Initialization failed for block pool Block pool BP-77624948-10.88.65.174-13492342342 (storage id DS-820323624-10.88.76.223-50010-142302323234) service to hadoop-name-node-01/10.88.65.174:6666
org.apache.hadoop.ipc.RemoteException(org.apache.hadoop.hdfs.server.protocol.DisallowedDatanodeException): Datanode denied communication with namenode: DatanodeRegistration(10.88.69.31, storageID=DS-820323624-10.88.76.223-50010-142302323234, infoPort=50075, ipcPort=50020, storageInfo=lv=-40;cid=cluster25;nsid=1486084428;c=0)
    at org.apache.hadoop.hdfs.server.blockmanagement.DatanodeManager.registerDatanode(DatanodeManager.java:656)
    at org.apache.hadoop.hdfs.server.namenode.FSNamesystem.registerDatanode(FSNamesystem.java:3593)
    at org.apache.hadoop.hdfs.server.namenode.NameNodeRpcServer.registerDatanode(NameNodeRpcServer.java:899)
    at org.apache.hadoop.hdfs.protocolPB.DatanodeProtocolServerSideTranslatorPB.registerDatanode(DatanodeProtocolServerSideTranslatorPB.java:91), I was unable to start the datanode service due to the following error:

Has anyone had success with changing the IP address of a hadoop data node and join it back to the cluster without data loss?


Solution

  • Turns out its better to:

    1. Decommission the server from the cluster to ensure that all blocks are replicated to other nodes in the cluster.
    2. Remove the server from the cluster
    3. Connect to the server and change the IP address then restart the cloudera agent
    4. Notice that cloudera manager now shows two entries for this server.

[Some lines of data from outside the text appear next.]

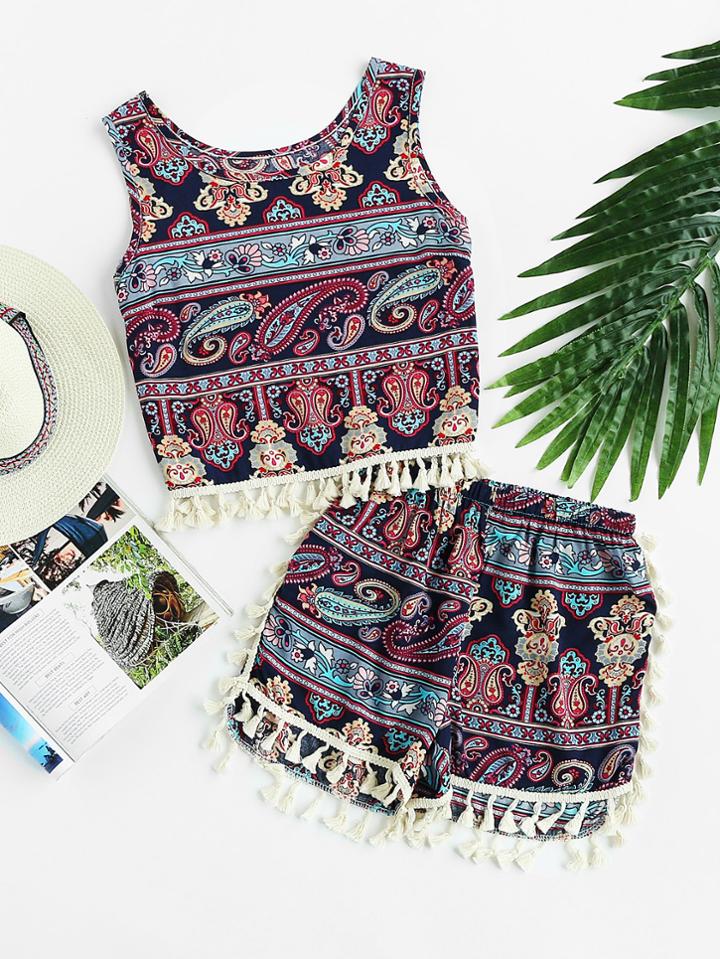 Romwe Aztec Print Tassel Hem Tank Top And Shorts Set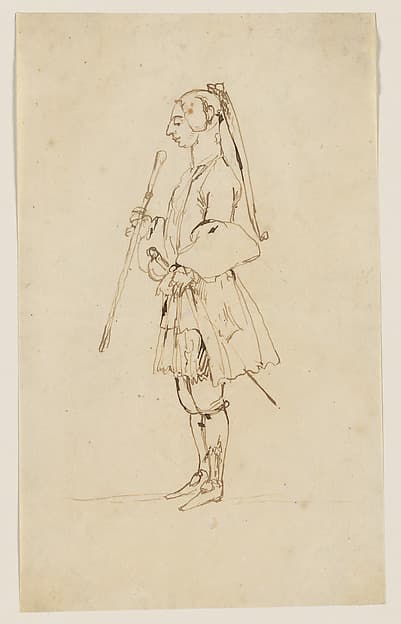 Man with a Long Pigtail and a Stick, Standing in Profile to the Left, by Anton Maria Zanetti the Elder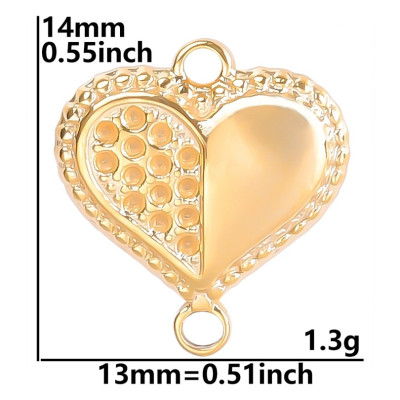 Connector HEART surgical steel 3 COLOR VARIANTS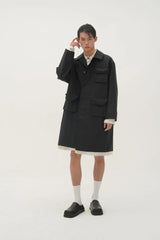 ORAL UTOPIA Faux Layered Hem Multi-Pocket Coat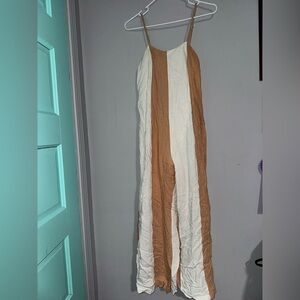 Striped orange and White Jumpsuit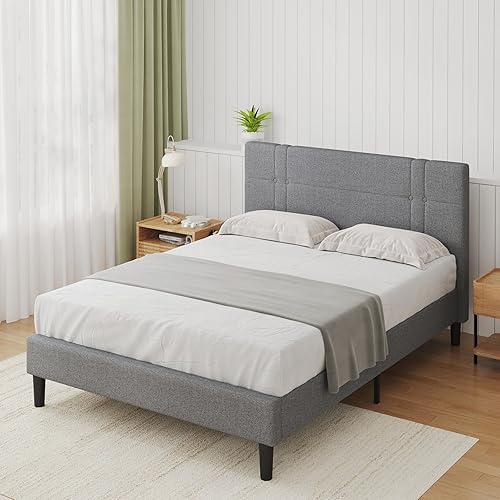 Novilla Base de cama tamaño Queen con cabecera y soporte de listones de madera, marco de cama tapizado Queen no necesita somier, fácil montaje, gris
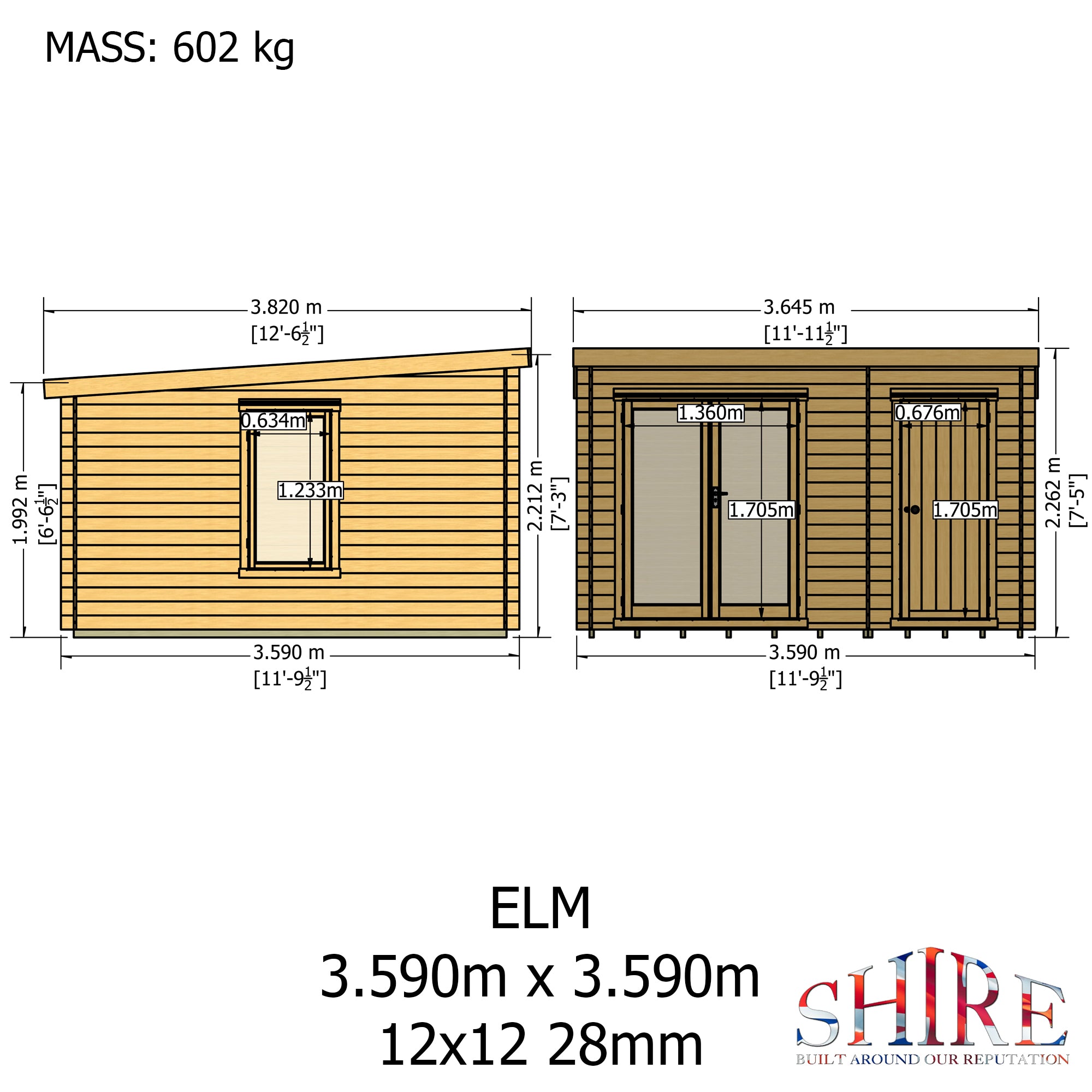Shire Elm 12x12 Log Cabin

Delete the entry with the old IP and longest heartbeat time
    5. Add the server to the required cluster and add required roles back to the server (e.g. HDFS datanode, HBASE RS, Yarn)
    6. HDFS will read all data disks and recognize the block pool and cluster IDs, then register the datanode.

    All data will be available and the process will be transparent to any client.

    NOTE: If you run into name resolution errors from HDFS clients, the application has likely cached the old IP and will most likely need be restarted. Particularly Java clients that previously referenced this server e.g. HBASE clients must be restarted due to the JVM caching IPs indefinitely. Java based clients will likely throw errors relating to connectivity to the server with changed IP because they have the old IP cached until they are restarted.